Searle adds that alongside continued high construction costs there has been a shift in the dynamics in Manchester and in Salford around affordable housing.

He said: “Manchester is continuing to see strong demand, nothing is being left unsold or stood empty, but despite the relatively small number of prime city centre sites still available I think prices will plateaux for the short term and we will not see the significant price gains that have been witnessed over the past four or so years.

“Will the investment spread out across Greater Manchester? Investors like Maslow Capital are prepared to support development in satellite towns like Bolton and Stockport.

“But it is more a long term play and pricing is a bit more of a risk while construction costs remain potentially difficult to confirm over a long development period.”
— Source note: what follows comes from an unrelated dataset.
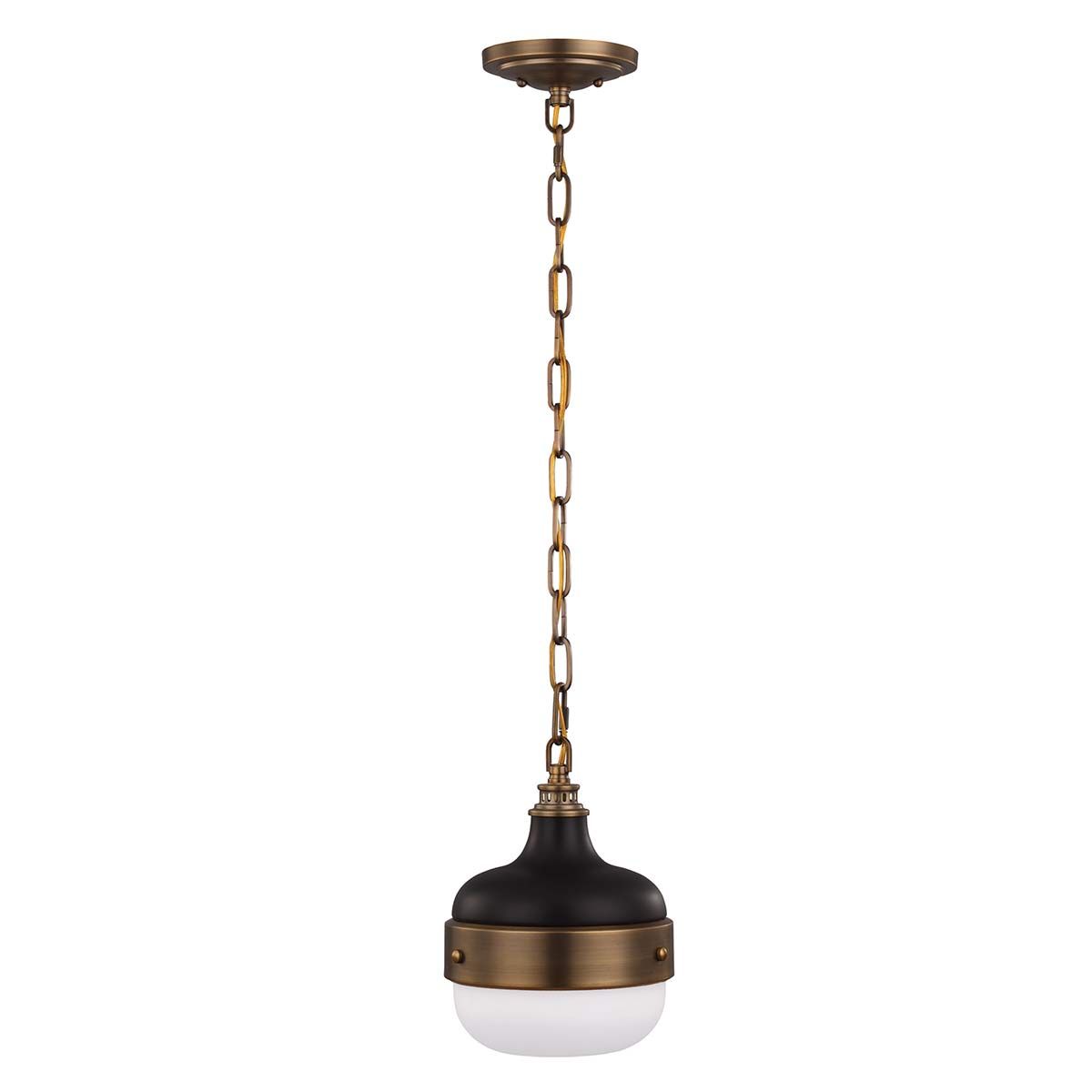 Contemporary Brushed Brass and Matte Black Industrial Pendant Light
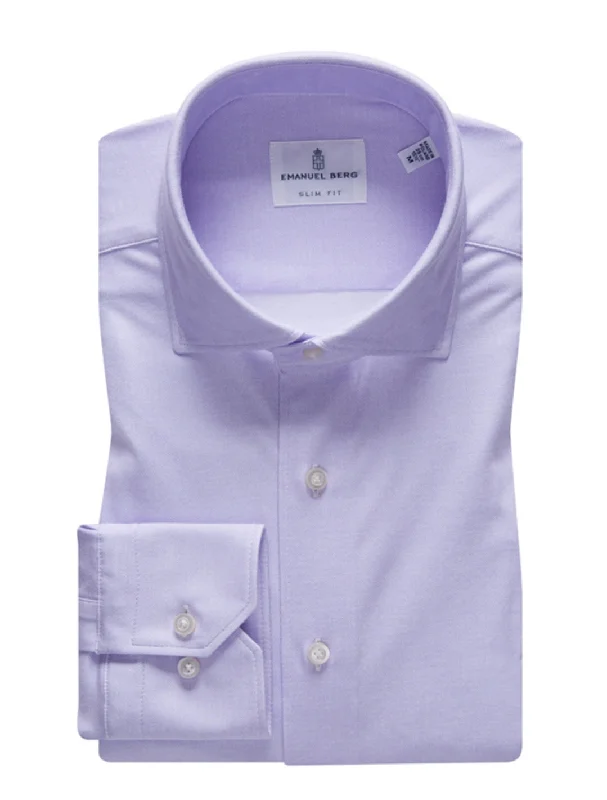 Modern 4Flex Stretch Knit Shirt SF17641 Light Purple Sleek Men's Contemporary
‘Education, football and family’ – Manchester’s winning formula

Miz Herrera is in no doubt about Manchester’s continued appeal as a place to invest. He explains: “It is down to three things – education, football and family – and we don’t see that changing.”

He is business development manager at Salboy. The developer is currently on site developing six residential schemes across Manchester and Salford that will deliver a total of 1,366 new homes.

The business has set up Salboy International to handle sales abroad. Herrera adds: “In China individual buyers are investing in their children’s future.

“They would rather buy an apartment for their son or daughter while they study at university here for five to seven years, than pay £1,000 a month in rent. They then plan to sell and recoup their investment with potential capital increase.

“People buy off recommendations and after one purchase we often see sales to extended family members. Plus, Manchester has the third biggest Chinatown in Europe and they are familiar with the city, they have local knowledge and often family connections.

“While our market has been predominantly the Far East, through Salboy International, we are increasingly seeing buyers from the Middle East, from Kuwait and Qatar and that is because of Manchester City Football Club. It gives buyers there a connection with the city.

“Our sales are roughly split 60/40 between overseas and UK and the domestic market has been tougher with changes to taxation and uncertainty over Brexit. That has not been a factor for overseas buyers who continue to see Manchester as a safe haven.”

Nick Legget, is senior development manager for Mulbury City, which currently has two schemes under construction in Manchester.

Excelsior in Castlefield is aimed at owner occupiers and Blossom Street is a 143 unit PRS scheme in Ancoats.

He says: “If you want a city to continue to grow by attracting new talent you have to offer a range of accommodation.

“And they have to offer very different things. Young professionals who are renting want to live in buildings that offer the best amenity and lifestyle.”